Source data:
++++

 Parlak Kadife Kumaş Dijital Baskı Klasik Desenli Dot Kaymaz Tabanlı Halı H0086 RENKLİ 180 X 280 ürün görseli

++++

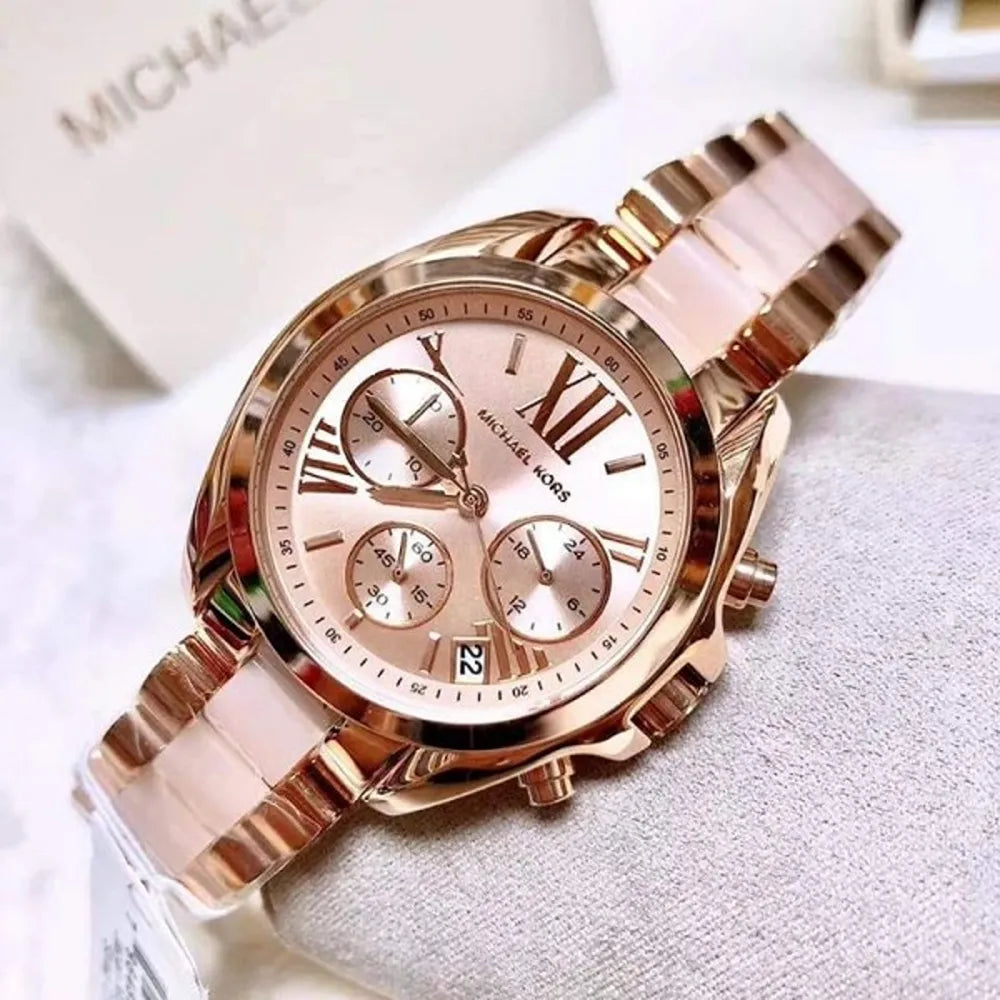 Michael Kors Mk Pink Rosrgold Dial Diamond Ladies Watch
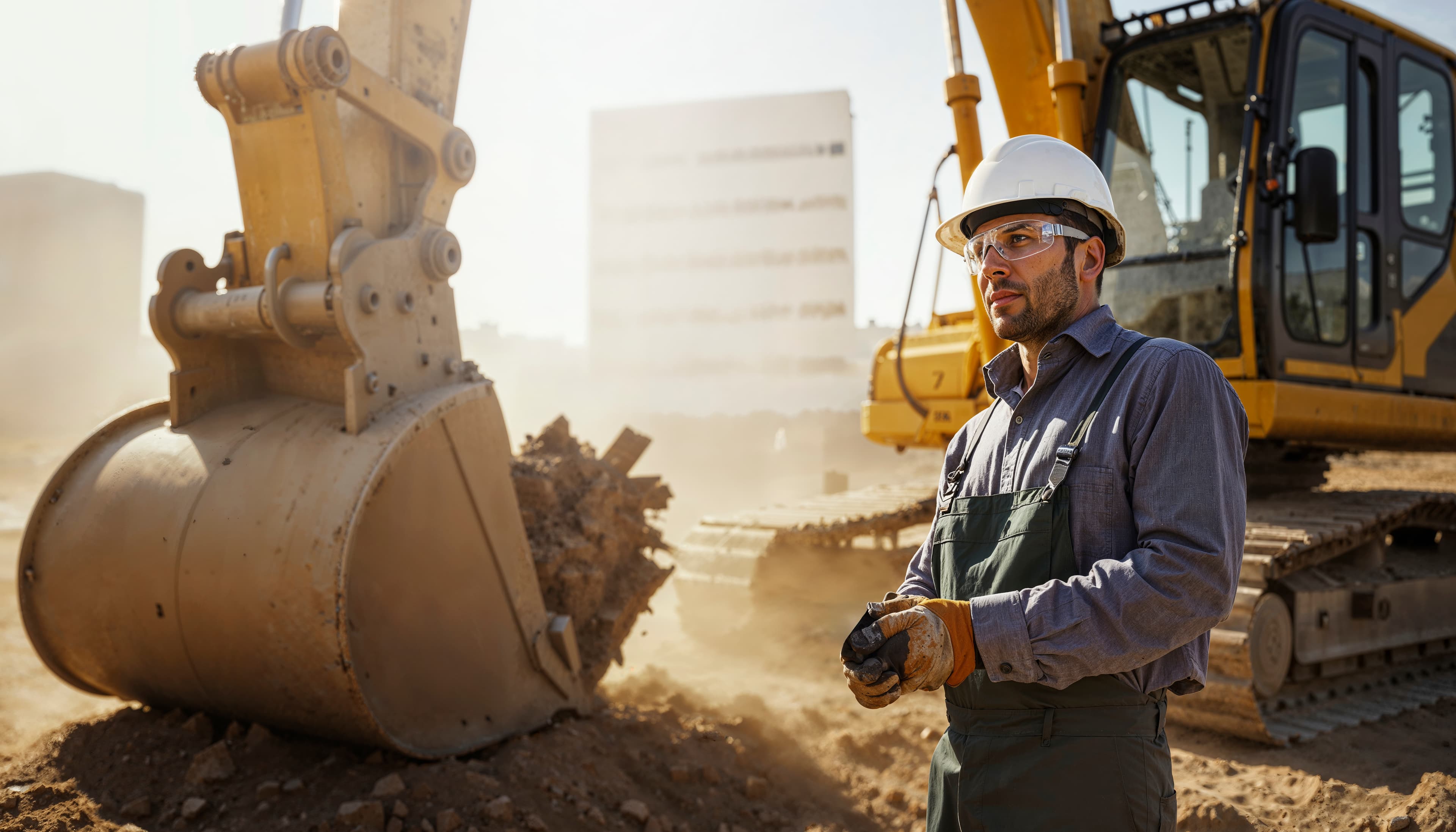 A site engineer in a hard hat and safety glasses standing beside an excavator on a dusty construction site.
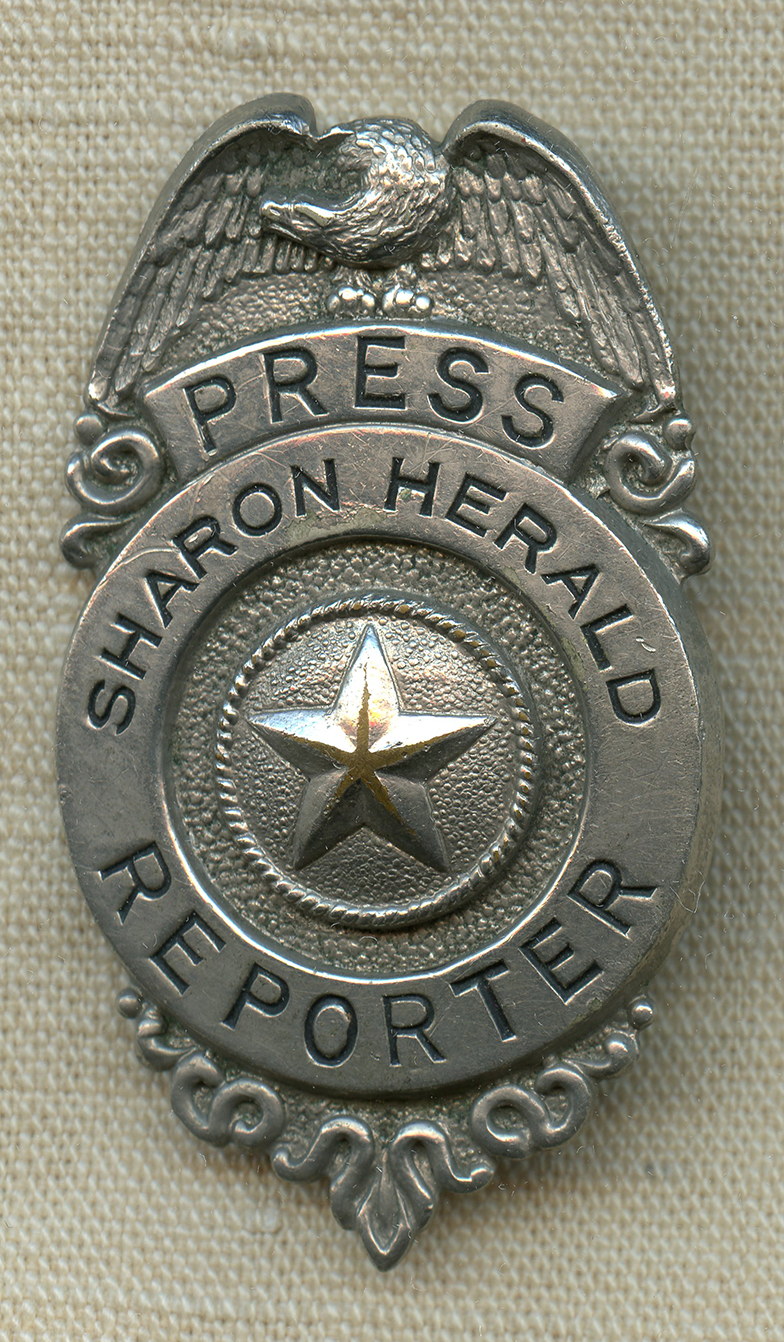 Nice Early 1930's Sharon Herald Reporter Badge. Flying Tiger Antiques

++++

Exercise directions: Whatever pictures the records hold, omit them; give again exactly the lines from the one containing "Michael Kors Mk" through the one containing "Nice Early 1930's".

Result of the exercise:
 Michael Kors Mk Pink Rosrgold Dial Diamond Ladies Watch
 A site engineer in a hard hat and safety glasses standing beside an excavator on a dusty construction site.
 Nice Early 1930's Sharon Herald Reporter Badge. Flying Tiger Antiques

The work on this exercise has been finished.